Don’t lose the opportunity to reach far more people by leading with a weak track. The rest of the music on the CD won’t matter if no one hears it. Although the actual sequencing of the song order for your CD will likely happen during mastering (see step 8), it’s something you want to decide on before that point.

9. Get ISRCs for Each of Your Tracks
Your songs may make it onto webcasts, ringtones, and all kinds of other electronic distribution methods. Because of this, before you distribute your music to anyone, get an International Standard Recording Code (ISRC) for each of your tracks. This is an international serial number that will uniquely identify each song and can be digitally embedded in the disc subcode (you can do this with many 2-track editors and some CD-burning applications, or your mastering engineer can do this for you) or even into the ID3 tag of an MP3 file. The ISRC code is widely used in digital commerce sites and by collecting societies, so it may affect the royalties that you get for your music.
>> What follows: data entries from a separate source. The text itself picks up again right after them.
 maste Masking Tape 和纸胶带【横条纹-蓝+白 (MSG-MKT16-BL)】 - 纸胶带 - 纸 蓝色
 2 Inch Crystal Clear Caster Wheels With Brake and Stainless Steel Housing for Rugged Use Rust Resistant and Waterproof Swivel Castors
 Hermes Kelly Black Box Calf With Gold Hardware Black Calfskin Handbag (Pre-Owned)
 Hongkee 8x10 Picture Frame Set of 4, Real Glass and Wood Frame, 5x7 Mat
Note that you need an ISRC for each track separately. In fact, if you have multiple versions of the same song, each of those tracks should get its own ISRC code, as well.

8. Get the Album Mastered
Many musicians are tempted to save money by skipping the critical mastering process before sending their music off to be reviewed, played on the radio, or replicated 1,000 times. Don’t make that mistake. Mastering is a critical and very specialized process, and it is best done by an experienced engineer with the right gear in an acoustically treated studio. Evening out volume between tracks, smoothing out EQ, adding compression and limiting, and getting the benefit of an experienced pair of ears with a fresh perspective on your project is key. It will add that critical polish to your album and help it stand out from the crowd. Listeners and reviewers will look negatively on problems such as jarring volume changes between songs, too much bass, or overly bright or dull mixes, and these problems can’t easily (or cheaply) be fixed once the CD is made and the songs have been put up for sale at digital music stores.
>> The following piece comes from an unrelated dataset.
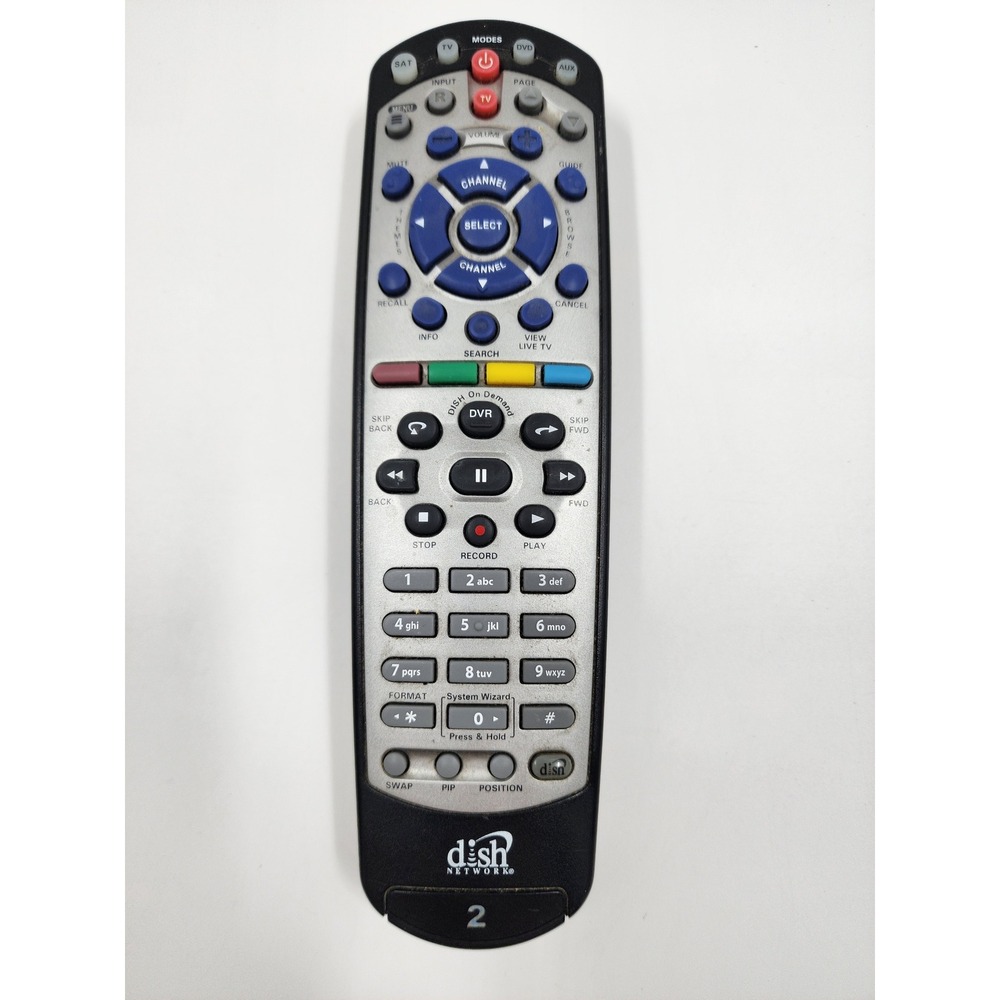 Dish Network 21.0 IR/UHF Pro Remote Control EchoStar 173954 DKNFSK03 SilverBlack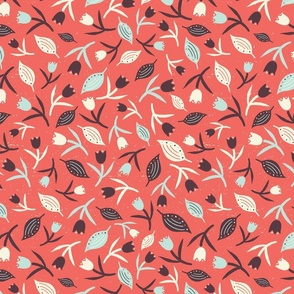 Tulips & Leaves | Medium Scale | Coral Blue Brown Cream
7. Legally Protect the Music
Although U.S. copyright law doesn’t require that a work must be registered with the government to get copyright protection, you can get statutory benefits, such as the ability to recover your legal costs if you prevail in a lawsuit, if you register it within a few months of publication. For musicians, that publish date is usually when a CD is released. Take a little time before the album is released to register both the music (form PA) and the recording itself (form SR) with the U.S. Copyright Office as a collection so you get the full benefit of registration as it is more cost-effective to register them as a whole than each song separately.
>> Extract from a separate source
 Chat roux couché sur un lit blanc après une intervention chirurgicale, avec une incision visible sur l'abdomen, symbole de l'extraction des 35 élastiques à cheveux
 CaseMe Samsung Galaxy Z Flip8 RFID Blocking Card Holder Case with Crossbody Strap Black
Also, before the album release, register the songs with a Performance Rights Organization (PRO) and the sound recording with SoundExchange so that if it’s played and picked up in their surveys, you can get paid for it. If you wait until after it’s been released, you might miss out on their surveys if it’s played.

6. Obtain a Barcode
Although getting a barcode sounds like a trivial commercial step, it’s more important than some musicians think. Music sales are tracked within the United States through Nielsen Soundscan, which uses the barcode as the unique identifier for the album. Without it, the album sales won’t be counted. Also, some musicians forget that barcodes are also part of the album art. They usually need to be obtained ahead of time or it slows the entire process down while waiting for it.

5. Choose an Appropriate Method for Making Your CDs
When you’re ready to make CDs, there are lots of options for manufacturing them. To choose the right one, estimate how many CDs you’ll need for each of these categories: CD sales at live shows, physical CD sales online, PR campaigns, free CD giveaways, college or commercial radio campaigns, and CD review campaigns. Each of these can affect the size of your run, as well as help you determine the quality of disc that you’ll want. If you need a rough guide, just assume that you’ll need at least 100 for each of the aforementioned uses.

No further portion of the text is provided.